Tesla's driver-assistance system finally reached China on May 21, but regulatory rules forced a rebrand — and full functionality is still months away.

Tesla's Level 2 driver-assistance system is now live in China, but you won't find "FSD" anywhere on the local website. The company officially launched what it's calling "Tesla Assisted Driving" on May 21, 2026 — the first time Tesla has formally listed China as a market for the technology. The one-time fee sits at 64,000 yuan, roughly $9,420.

A name shaped by regulators

The branding isn't a marketing whim. China's Ministry of Industry and Information Technology (MIIT) banned terms like "full self-driving" and "autonomous driving" in April 2025, pushing automakers toward more cautious language. Tesla first swapped "FSD" for "Intelligent Assisted Driving" after that ruling, then landed on "Tesla Assisted Driving" this month for the formal rollout.
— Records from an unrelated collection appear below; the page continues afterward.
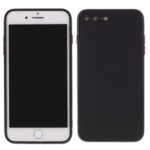 Contrast Color Button TPU Cover with Soft Lint Inner for iPhone 8 Plus/7 Plus – Black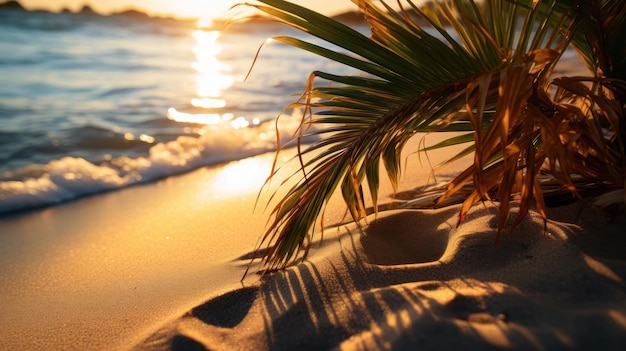 Sunlight golden and radiant filters through palm leaves creating shadows on the sandy beach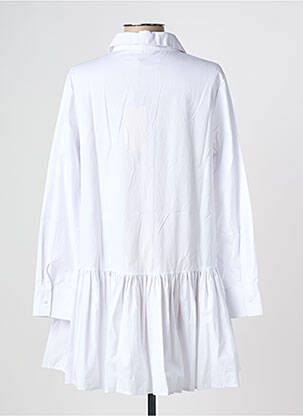 Robe courte coupe évasée manches longues blanc LUZABELLE femme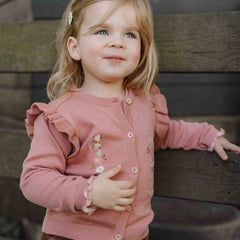 Little Dutch Παιδικές Ζακέτες LITTLE DUTCH. Ζακέτα πλεκτή με κέντημα Warm Rose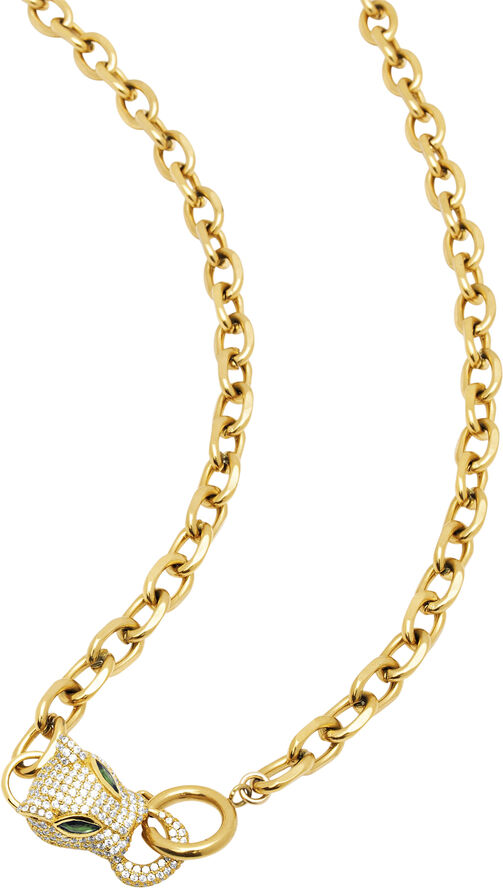Men's Gold Link Necklace with CZ Panther Head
The system is classified as Level 2 driver assistance — the same SAE designation as Tesla FSD (Supervised) sold in the United States, meaning the driver must remain attentive with hands on the wheel at all times. Tesla's China listing notes that full functionality will be available "later," without a specific date.

What this means for the US product

For owners in the United States, the China launch changes nothing. Tesla FSD (Supervised) has been available here for years, now priced at $99/month via subscription after Tesla discontinued the one-time purchase option globally in February 2026. China is the notable exception: the one-time purchase model remains, apparently due to local regulatory constraints rather than any shift in global pricing strategy.

Tesla is targeting broader regulatory clearance in China — what the company calls full approval beyond the current supervised rollout — by Q3 2026, per comments made on its April 23 earnings call.

Still a work in progress

Tesla China posted several job listings this week tied to autonomous driving system testing, suggesting active development continues ahead of that Q3 target. The company acknowledged that the system will need further adaptation to China's road conditions and regulatory framework before wider deployment.

For now, the Chinese version of the feature carries a new name, a legacy pricing model, and a promise of more capability to come — a pattern that will look familiar to anyone who has followed Tesla's driver-assistance rollout in the US over the past several years.